En tant que guide de la communauté Chrétienne, le prêtre est aussi appelé à témoigner prophétiquement, à vivre la parole qu'il prêche, à «imiter ce qu'il touche», de façon à pouvoir proclamer l'évangile non seulement par sa parole mais aussi par sa vie. En ce sens, le sacerdoce chrétien combine les rôles du prophète et du prêtre de l'Ancien Testament.

Le rôle de bâtisseur de communauté qui est celui du prêtre implique une variété de fonctions, décrites traditionnellement comme un enseignement (“prophète”, consacré à la parole), une direction (“roi”, “berger du troupeau”, adonné à la direction pastorale), et une action sanctificatrice (“prêtre”, dédié à l'administration des sacrements et autres formes de prière).

Comme il paraît évident à partir de l'approche de Rahner, la proclamation de la parole divine formatrice de communauté est au coeur de l'identité sacerdotale. Les fonctions sacerdotales traditionnelles jaillissent de cette identité. C'est dans la prédication et l'enseignement (“prophète”) que se situe le moment où cela apparaît le plus clairement. Mais le ministère sacramental lui aussi (“prêtre”) est un aspect du rôle sacerdotal en tant que «proclamateur», lorsqu'il amène la parole efficace de Dieu à affecter les moments cruciaux de la vie des croyants. De façon similaire, l'action pastorale (“roi”) implique la faculté de discerner ce que dit la parole de Dieu dans les circonstances concrètes de la vie communautaire et de l'appliquer par des décisions.

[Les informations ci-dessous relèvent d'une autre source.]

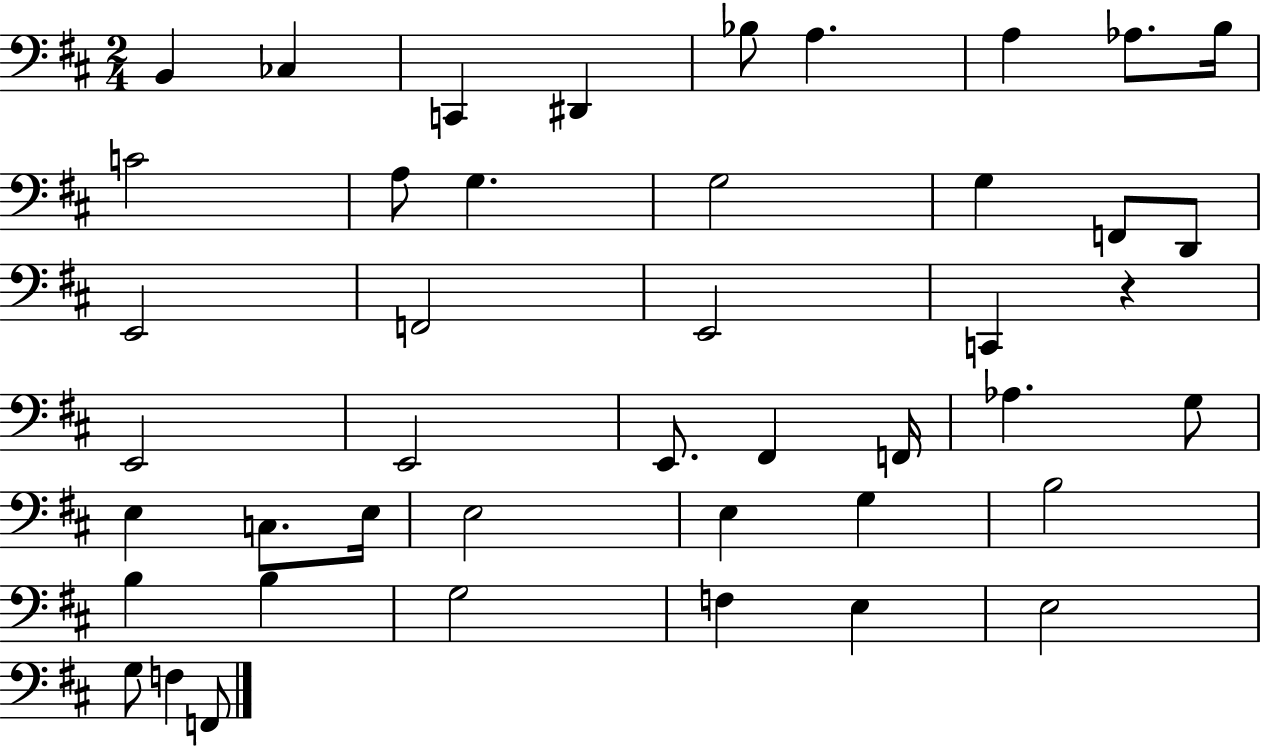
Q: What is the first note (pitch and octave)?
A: B2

Le sacerdoce selon saint Vincent20

St Vincent fut fort influencé par les modèles conceptuels et le vocabulaire de ses contemporains et de ses formateurs. Bérulle, à qui Vincent fut si redevable mais dont éventuellement il s'écarta, centra une bonne part de sa spiritualité sur le sacerdoce21. Dans les lettres et les conférences de Vincent on trouve beaucoup des mêmes phrases et de la même insistance que l'on découvre dans les écrits de Bérulle, d'Olier et de Jean Eudes. Ils parlent surtout de la position centrale du Christ et de la nécessité, pour le prêtre, de se vider de lui-même pour “revêtir le Seigneur Jésus Christ22». Tous encouragent les prêtres à cultiver “la religion envers Dieu”23 . Ils sont très conscients du rôle “élevé” du prêtre et de la nécessité pour lui de la sainteté24.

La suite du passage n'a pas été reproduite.